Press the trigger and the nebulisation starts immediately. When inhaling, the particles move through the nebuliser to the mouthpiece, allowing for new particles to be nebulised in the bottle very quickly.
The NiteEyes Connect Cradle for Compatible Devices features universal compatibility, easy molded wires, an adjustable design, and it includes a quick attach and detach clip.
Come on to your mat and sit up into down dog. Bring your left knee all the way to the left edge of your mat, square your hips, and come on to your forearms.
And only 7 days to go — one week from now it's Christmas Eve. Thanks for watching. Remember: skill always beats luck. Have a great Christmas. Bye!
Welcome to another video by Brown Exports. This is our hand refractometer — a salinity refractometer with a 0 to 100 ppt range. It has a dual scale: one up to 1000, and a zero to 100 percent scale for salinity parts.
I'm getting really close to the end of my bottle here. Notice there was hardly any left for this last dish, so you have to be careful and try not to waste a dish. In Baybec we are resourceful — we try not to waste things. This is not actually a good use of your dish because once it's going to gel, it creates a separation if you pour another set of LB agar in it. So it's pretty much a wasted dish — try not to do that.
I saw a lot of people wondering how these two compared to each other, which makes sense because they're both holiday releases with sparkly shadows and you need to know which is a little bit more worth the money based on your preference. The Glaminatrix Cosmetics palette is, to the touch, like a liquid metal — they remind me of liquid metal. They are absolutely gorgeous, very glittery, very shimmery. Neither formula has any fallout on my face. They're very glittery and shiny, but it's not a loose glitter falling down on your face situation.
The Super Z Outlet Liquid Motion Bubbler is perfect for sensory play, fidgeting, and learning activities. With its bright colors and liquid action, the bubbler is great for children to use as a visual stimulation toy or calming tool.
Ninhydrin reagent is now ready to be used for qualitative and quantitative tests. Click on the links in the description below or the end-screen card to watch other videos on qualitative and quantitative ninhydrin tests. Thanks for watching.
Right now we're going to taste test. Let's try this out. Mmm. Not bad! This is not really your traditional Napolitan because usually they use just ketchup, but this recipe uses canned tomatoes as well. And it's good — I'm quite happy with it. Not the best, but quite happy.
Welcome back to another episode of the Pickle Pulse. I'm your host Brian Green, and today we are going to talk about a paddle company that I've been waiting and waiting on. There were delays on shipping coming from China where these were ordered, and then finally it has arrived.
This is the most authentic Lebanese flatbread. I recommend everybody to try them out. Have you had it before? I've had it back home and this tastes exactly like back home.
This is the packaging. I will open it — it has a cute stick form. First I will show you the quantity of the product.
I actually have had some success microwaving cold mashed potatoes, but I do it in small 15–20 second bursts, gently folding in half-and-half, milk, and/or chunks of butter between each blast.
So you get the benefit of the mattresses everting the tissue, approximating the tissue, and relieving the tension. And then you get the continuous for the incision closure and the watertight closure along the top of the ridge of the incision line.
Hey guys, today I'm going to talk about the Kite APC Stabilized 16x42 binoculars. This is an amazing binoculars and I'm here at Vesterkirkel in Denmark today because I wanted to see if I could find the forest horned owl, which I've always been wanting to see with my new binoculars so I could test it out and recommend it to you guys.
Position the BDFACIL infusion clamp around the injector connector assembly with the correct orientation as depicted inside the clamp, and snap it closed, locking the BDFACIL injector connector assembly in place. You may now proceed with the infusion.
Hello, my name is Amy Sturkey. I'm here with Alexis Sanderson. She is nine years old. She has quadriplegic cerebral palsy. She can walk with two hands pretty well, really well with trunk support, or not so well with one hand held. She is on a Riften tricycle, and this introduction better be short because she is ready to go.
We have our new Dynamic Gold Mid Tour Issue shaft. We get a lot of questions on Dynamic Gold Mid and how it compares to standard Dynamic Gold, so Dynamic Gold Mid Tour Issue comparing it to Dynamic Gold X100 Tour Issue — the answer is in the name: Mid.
=======
**AIM OF THE EXERCISE**
Beginning with the line that has "Come on to your mat" and ending with the line that has "And only 7 days", set down the lines above exactly and include no others.

**FINISHED TASK**
Come on to your mat and sit up into down dog. Bring your left knee all the way to the left edge of your mat, square your hips, and come on to your forearms.
And only 7 days to go — one week from now it's Christmas Eve. Thanks for watching. Remember: skill always beats luck. Have a great Christmas. Bye!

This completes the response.